リンゴ農園を営む両親とその息子の姿を描いた鉄拳の同名パラパラ漫画を、岡田将生主演で映画化。拓也の両親役で時任三郎と財前直見、地元の同級生・明日香役で成海璃子が共演。鉄拳がアートディレクターとして参加。
あらすじ:とある挫折によって自身の進む道を失ってしまった拓也は、親元を離れて東京で暮らしている。大学に通いながらもバンド活動に熱が入る拓也は、次第にプロを目指すようになる。さまざまな挫折を経験しながら、家族の温かさを改めて感じながら成長していく拓也を岡田が演じている。
<感想>鉄拳のパラパラ漫画が脚本であり、本作でも鉄拳のパラパラ漫画がたくさん出てくるのだ。前に鑑賞したMUSEの曲をBGMに使って話題になった「振り子」も良かったが、この作品も最後には泣けてくるのだった。
両親役を時任三郎と財前直見さんが演じており、さすがの演技で圧倒されます。それに地元の同級生・明日香役で成海璃子さんが、断然に上手いので、主人公の拓也を演じている岡田くんよりも秀でいた。
こんなにも、同級生とはいえ、親身になって拓也のことを思って車で送り迎えとか、大学を退学してバンドをやっている拓也にアドバイスをするし、両親のことをもっと大事にすること、親の仕送りで東京で大学にいけて、それもバンドにはまって退学とは、観ているこちら側も怒ってしまう。
そのバンドも、自分はギターを弾いて少し歌うだけであり、殆どがリードボーカルの男がこのバンドを引っ張っているのだ。その彼がバンドを解散すると言い出し、拓也はそんなことは考えていなかったので、慌てるのだ。バカみたいな拓也の鈍感さ、それに幼馴染の明日香が、拓也のことを好きなのに、そんな彼女に甘えてしまっている彼が許せない。
実家のリンゴ農園だって、台風の被害をうけて落ちたリンゴをジュースにして販売するなど、いろいろと考えている。下宿に毎年贈ってくるリンゴを、腐らして捨てる拓也には呆れてしまった。明日香に実家の経済的な苦労を言われても反発したり、実家のリンゴ農園を継げと父親に言われるのが苦痛であり、自分は東京でいっぱしのミュージッシャンになった気でいる。
そのことが、最後に帰った実家で、母親が押し入れのお菓子を持って行ってと言われ、箱に入った菓子をそのまま袋に入れてバスに乗る。途中でバスが急ブレーキをかけた瞬間に、お菓子の入った袋が床に落ちて、箱の中に入っていた息子の活躍した新聞の切り抜き、高校時代の活躍とか、大学へ入って音楽に目覚めてバンドをやっていることも地元の新聞にのり、切り抜いてい大事にしまって置いたのだ。

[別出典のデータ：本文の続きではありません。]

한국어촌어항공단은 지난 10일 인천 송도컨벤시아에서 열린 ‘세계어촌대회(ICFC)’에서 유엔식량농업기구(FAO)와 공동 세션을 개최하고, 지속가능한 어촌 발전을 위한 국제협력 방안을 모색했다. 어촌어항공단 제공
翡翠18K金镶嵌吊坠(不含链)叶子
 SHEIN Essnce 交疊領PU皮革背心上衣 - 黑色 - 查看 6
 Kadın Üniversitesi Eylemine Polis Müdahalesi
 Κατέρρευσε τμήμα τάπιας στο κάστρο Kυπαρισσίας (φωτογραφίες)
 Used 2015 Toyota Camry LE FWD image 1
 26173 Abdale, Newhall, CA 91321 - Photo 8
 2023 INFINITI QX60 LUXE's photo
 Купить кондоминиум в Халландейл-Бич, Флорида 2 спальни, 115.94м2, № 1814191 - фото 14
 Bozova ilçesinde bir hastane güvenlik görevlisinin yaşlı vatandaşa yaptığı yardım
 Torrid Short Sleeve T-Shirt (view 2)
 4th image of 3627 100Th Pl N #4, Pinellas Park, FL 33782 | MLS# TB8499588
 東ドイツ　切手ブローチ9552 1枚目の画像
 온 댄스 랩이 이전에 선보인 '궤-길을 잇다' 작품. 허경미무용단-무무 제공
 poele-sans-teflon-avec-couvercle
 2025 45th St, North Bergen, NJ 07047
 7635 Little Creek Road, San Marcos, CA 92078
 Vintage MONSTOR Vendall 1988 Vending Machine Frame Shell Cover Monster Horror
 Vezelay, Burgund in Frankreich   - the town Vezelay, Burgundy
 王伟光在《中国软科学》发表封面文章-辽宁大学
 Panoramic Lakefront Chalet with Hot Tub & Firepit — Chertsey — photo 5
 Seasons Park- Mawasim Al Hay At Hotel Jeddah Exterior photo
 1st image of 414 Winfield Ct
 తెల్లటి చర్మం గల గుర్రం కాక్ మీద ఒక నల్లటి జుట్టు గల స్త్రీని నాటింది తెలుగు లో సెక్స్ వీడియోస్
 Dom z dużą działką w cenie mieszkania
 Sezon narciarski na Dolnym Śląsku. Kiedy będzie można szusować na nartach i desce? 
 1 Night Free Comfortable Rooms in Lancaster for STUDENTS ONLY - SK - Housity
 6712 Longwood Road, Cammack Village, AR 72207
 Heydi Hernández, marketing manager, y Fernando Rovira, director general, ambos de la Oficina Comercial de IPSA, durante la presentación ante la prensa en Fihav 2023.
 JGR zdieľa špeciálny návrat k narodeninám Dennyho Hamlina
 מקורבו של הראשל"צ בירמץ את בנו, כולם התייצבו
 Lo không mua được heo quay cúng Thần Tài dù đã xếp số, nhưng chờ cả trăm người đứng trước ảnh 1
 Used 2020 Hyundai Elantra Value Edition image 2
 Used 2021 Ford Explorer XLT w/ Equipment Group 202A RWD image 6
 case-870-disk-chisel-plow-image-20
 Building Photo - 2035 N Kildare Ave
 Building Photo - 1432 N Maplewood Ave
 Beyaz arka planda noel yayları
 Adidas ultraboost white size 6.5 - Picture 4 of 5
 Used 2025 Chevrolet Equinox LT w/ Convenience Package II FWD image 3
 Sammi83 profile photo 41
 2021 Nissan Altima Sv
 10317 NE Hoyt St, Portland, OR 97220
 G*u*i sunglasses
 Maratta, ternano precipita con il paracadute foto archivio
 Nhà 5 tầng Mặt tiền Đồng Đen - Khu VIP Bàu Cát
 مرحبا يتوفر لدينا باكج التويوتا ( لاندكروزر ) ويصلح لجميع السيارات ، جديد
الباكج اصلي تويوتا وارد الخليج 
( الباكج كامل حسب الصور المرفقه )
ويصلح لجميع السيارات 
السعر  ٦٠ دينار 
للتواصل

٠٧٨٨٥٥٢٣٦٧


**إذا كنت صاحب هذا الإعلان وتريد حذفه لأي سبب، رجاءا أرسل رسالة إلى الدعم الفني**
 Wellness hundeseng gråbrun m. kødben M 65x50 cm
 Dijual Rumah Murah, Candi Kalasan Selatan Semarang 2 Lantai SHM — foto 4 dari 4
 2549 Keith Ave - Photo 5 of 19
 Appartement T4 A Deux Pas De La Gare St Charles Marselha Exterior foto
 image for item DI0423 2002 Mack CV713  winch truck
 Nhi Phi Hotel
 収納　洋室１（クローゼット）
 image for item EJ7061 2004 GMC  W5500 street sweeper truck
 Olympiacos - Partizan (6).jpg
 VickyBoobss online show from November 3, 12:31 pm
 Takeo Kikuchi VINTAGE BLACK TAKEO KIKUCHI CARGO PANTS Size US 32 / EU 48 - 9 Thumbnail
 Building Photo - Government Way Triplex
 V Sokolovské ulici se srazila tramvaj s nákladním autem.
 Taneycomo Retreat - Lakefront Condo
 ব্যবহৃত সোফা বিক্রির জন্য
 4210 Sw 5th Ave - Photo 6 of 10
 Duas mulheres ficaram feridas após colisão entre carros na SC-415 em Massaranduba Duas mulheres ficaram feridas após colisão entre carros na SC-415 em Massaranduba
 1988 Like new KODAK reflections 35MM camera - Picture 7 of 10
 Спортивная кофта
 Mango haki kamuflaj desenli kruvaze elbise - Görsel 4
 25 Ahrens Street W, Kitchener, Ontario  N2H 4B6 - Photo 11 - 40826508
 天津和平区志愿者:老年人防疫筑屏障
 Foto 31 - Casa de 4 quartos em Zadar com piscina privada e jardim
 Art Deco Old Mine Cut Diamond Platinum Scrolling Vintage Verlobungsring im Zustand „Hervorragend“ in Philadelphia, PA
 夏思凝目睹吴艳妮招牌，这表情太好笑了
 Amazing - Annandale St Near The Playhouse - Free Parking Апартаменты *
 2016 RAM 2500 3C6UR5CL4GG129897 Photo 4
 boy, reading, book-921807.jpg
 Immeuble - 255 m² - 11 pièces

母親の優しさと無口な父親、そして息子への愛情と、実家のリンゴ農園を継いでほしいとは言えずにいる母親の想いも。それに、父親にしても息子が幼いころに言った言葉「リンゴは一度落ちても終わりじゃない」と、高校時代に怪我をして陸上を止めてしまった時にも、リンゴは万病に効く特効薬だとも言っていたのに。昔にも台風の被害とかあって、乗り越えてきたことを忘れている拓也。
反抗期っていっても、大学生になって親の仕送りに甘えているのが許せない。しかし、終わりころになって、やっと拓也が両親の思いやりに気づく。それに幼馴染の明日香の心をもてあそんでいるのも、いい加減に気づけよと言いたかった。明日香は他に恋人がいると言っていたが、違うと思うよ。
卒業した高校の鈴木先生とか、バンドのボーカルの子とドラムをたたいている子が、一度は断った拓也の高校創立40周年記念に、来てくれる友情とかも良かった。
観終わった後に、親の大切さを思い出して、心がすごく温まって、うるうるしてしまった。